# Math Help - Need help figuring out this sequence...

1. ## Need help figuring out this sequence...

Basicaly, I need help on this sequence, as my homework is due in tomorrow. One question on sequences is:

1
3
11
67

I'm supposed to find out what comes next. Can anyone help? Even if you tell me how you got the answer, that would be a great help

2. Originally Posted by snakeyster
Basicaly, I need help on this sequence, as my homework is due in tomorrow. One question on sequences is:

1
3
11
67

I'm supposed to find out what comes next. Can anyone help? Even if you tell me how you got the answer, that would be a great help
Since the online encyclopedia of integer sequences knows this not, I would
suggest that this is not a mathematicaly defined sequence but is somehow
connected with the site you got it from

RonL

3. i think $a_n = 7n^3 - 39n^2 + 70n - 37$ for $n \in \mathbb {N}$ works

thus, the fifth term is: 213

(i found the cubic that hit the points (1,1), (2,3), (3,11) and (4,67) by solving a system of equations)

4. Hello, snakeyster!

I need help on this sequence: . $1,\,3,\,11,\,67,\,\cdots$
I see a pattern . . .

. . $\begin{array}{ccccc} a_1 & = & 1 & & \\
a_2 & = & {\color{red}2}(a_1)\,{\color{red}+\,1} & = & 3 \\
a_3 & = & {\color{red}4}(a_2)\,{\color{red}-\,1} & = & 11 \\
a_4 & = & {\color{red}6}(a_3)\,{\color{red}+\,1} & = & 67\end{array}$

I bet the next one is:

. . $\begin{array}{ccccc} a_5 & = & {\color{red}8}(a_4)\,{\color{red}-\,1} & = & 535\end{array}$

The general term seems to be: . $a_n\;=\;2(n-1)(a_{n\text{-}1}) + (\text{-}1)^n$ . for $n \geq 2$

5. Originally Posted by Soroban
Hello, snakeyster!

I see a pattern . . .

. . $\begin{array}{ccccc} a_1 & = & 1 & & \\
a_2 & = & {\color{red}2}(a_1)\,{\color{red}+\,1} & = & 3 \\
a_3 & = & {\color{red}4}(a_2)\,{\color{red}-\,1} & = & 11 \\
a_4 & = & {\color{red}6}(a_3)\,{\color{red}+\,1} & = & 67\end{array}$

I bet the next one is:

. . $\begin{array}{ccccc} a_5 & = & {\color{red}8}(a_4)\,{\color{red}-\,1} & = & 535\end{array}$

The general term seems to be: . $a_n\;=\;2(n-1)(a_{n\text{-}1}) + (\text{-}1)^n$ . for $n \geq 2$

hmm, we got different answers. i guess i made a mistake then. oh well, good job! I don't know how you see these pattens

6. Originally Posted by Jhevon
hmm, we got different answers. i guess i made a mistake then. oh well, good job! I don't know how you see these pattens
You made no mistake, one can chose the next term to have an arbitary
value and find a polynomial that will take all the given values and our arbitary
next value.

Your cubic does give the first four terms, and so is as valid a rule for the
next term as any other, and I suspect it involves no more arbitary constants
than does Soroban's

RonL

7. Originally Posted by Jhevon
hmm, we got different answers. i guess i made a mistake then. oh well, good job! I don't know how you see these pattens
You can find an infinite number of polynomial fits to a finite data set. So the fact that you and Soroban came up with different answers is not a surprise.

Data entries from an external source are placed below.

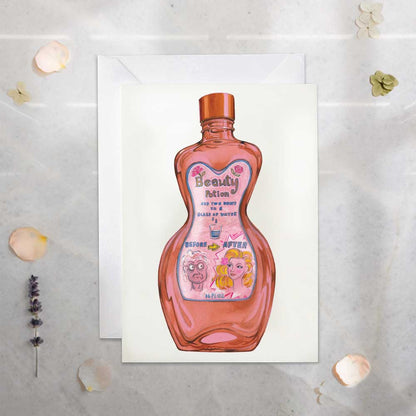 Greeting card with a bottle of 'Beauty Potion' on a textured surface.
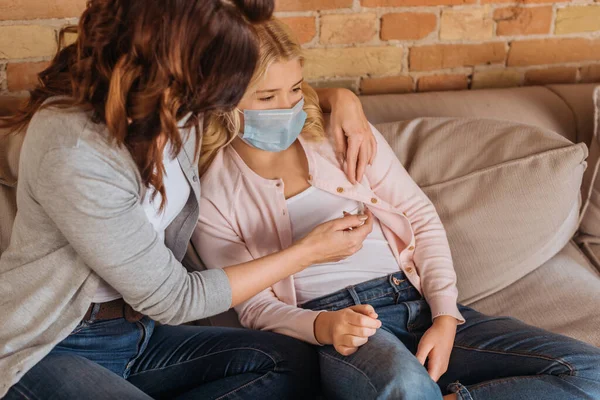 Woman holding thermometer near daughter in medical mask on couch — Stock Photo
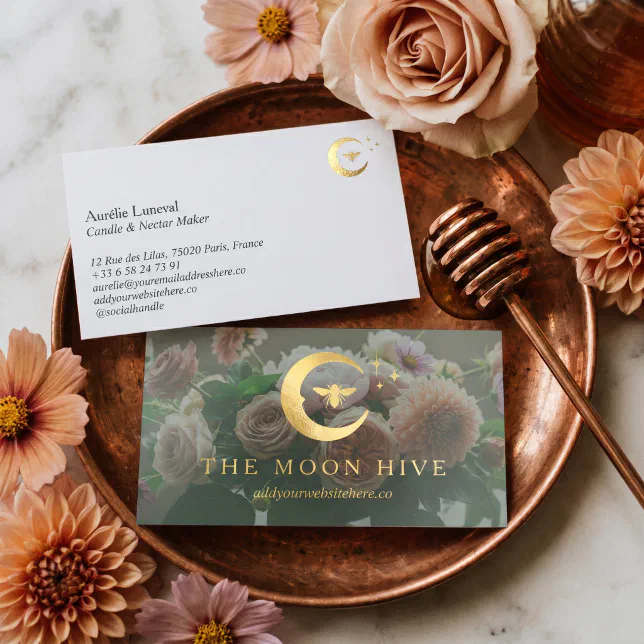 A set of elegant, vintage floral business cards featuring a gold foil crescent moon and bee logo resting on a copper tray surrounded by peach and pink dahlia and cosmos flowers.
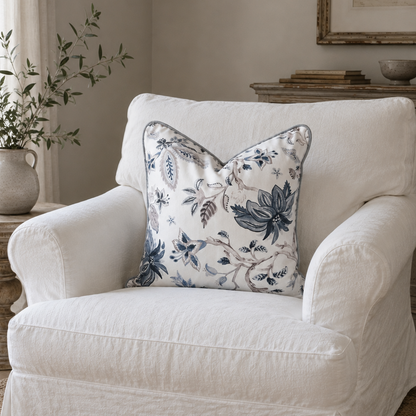 A white slipcovered armchair in a styled living room setting, featuring a decorative throw pillow with a blue and white floral pattern.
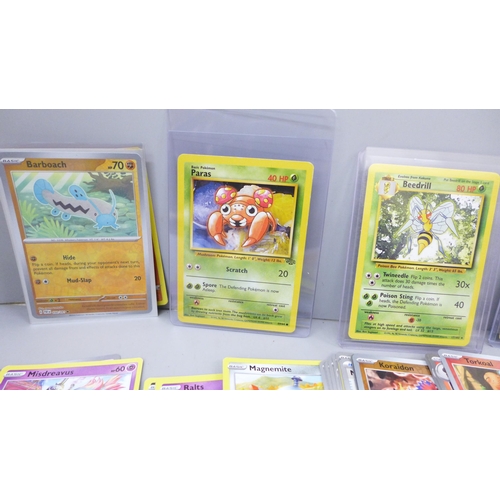 2050 - A large collection of Pokemon cards including holographic and vintage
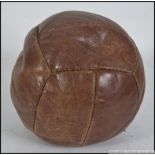 A circa early 20th century medicine ball - leather bound. Measures: 26cm.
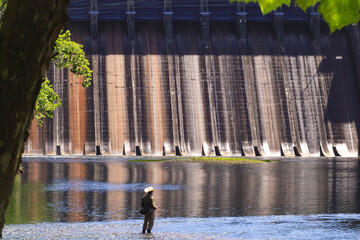 Fisherman trying his luck on the North Fork River below the Norfork Dam in Salesville, Arkansas 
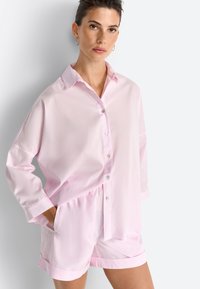 Chemise à boutons en coton rose clair à manches longues, assortie à un short avec taille élastique et poignets.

But I'm with you. I'd love to know how he comes up with this stuff!

-Dan

8. Originally Posted by CaptainBlack
You made no mistake, one can chose the next term to have an arbitary
value and find a polynomial that will take all the given values and our arbitary
next value.

Your cubic does give the first four terms, and so is as valid a rule for the
next term as any other, and I suspect it involves no more arbitary constants
than does Soroban's

RonL
Originally Posted by topsquark
You can find an infinite number of polynomial fits to a finite data set. So the fact that you and Soroban came up with different answers is not a surprise.

But I'm with you. I'd love to know how he comes up with this stuff!

-Dan
Pfft! sequences are so weird!

9. HellO!

RonL and Dan are, of course, absolutely correct.

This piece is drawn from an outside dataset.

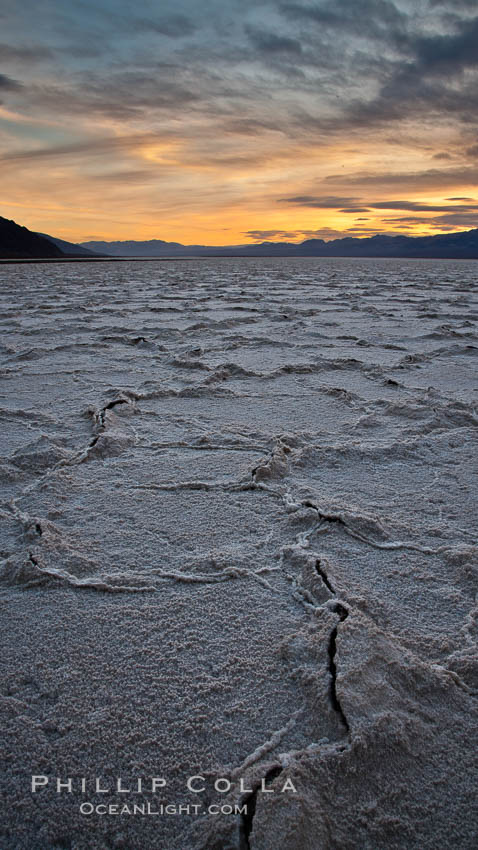 Image 27635, Salt polygons. After winter flooding, the salt on the Badwater Basin playa dries into geometric polygonal shapes. Death Valley National Park, California, USA, Phillip Colla, all rights reserved worldwide. Keywords: arid, badwater, california, death valley, death valley national park, desert, dry, environment, harsh, landscape, national parks, nature, outdoor, outdoors, outside, playa, polygon, salt, salt polygon, scene, scenery, scenic, usa.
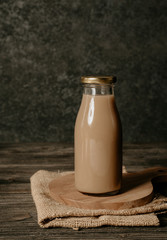 close up of coffee on a glass bottle product mockup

A sequence of numbers is meaningless unless there is a stipulation,
. . a promise that that the sequence "continues in a similar manner",
. . that there is indeed a "reasonable" pattern to the terms.

I've posted the following before, but I enjoy showing it off.

Find the next term of the sequence: . $\bf{1,\,3,\,5,\,7,\,\cdots}$

Justification
I was using this function: . $f(n) \;=\;-\frac{1}{24}\left(n^4 - 10n^3 + 35n^2 - 98x + 48\right)$

"That's unfair!" you say?
Okay, here's a better explanation . . .

The sequence: . $1,\,3,\,5,\,7,\,8,\,\cdots$ is the sequence of natural numbers
. . whose English names contain the letter "e".

10. Originally Posted by Soroban
HellO!

RonL and Dan are, of course, absolutely correct.

A sequence of numbers is meaningless unless there is a stipulation,
. . a promise that that the sequence "continues in a similar manner",
. . that there is indeed a "reasonable" pattern to the terms.

I've posted the following before, but I enjoy showing it off.

Find the next term of the sequence: . $\bf{1,\,3,\,5,\,7,\,\cdots}$

Justification
I was using this function: . $f(n) \;=\;-\frac{1}{24}\left(n^4 - 10n^3 + 35n^2 - 98x + 48\right)$

"That's unfair!" you say?
Okay, here's a better explanation . . .

The sequence: . $1,\,3,\,5,\,7,\,8,\,\cdots$ is the sequence of natural numbers
. . whose English names contain the letter "e".
My favourite is: find the next term in 1, 2, 4, 8, 16.

The answer that I am thinking of is 31. See here in particular scroll down to sequence A000127.

RonL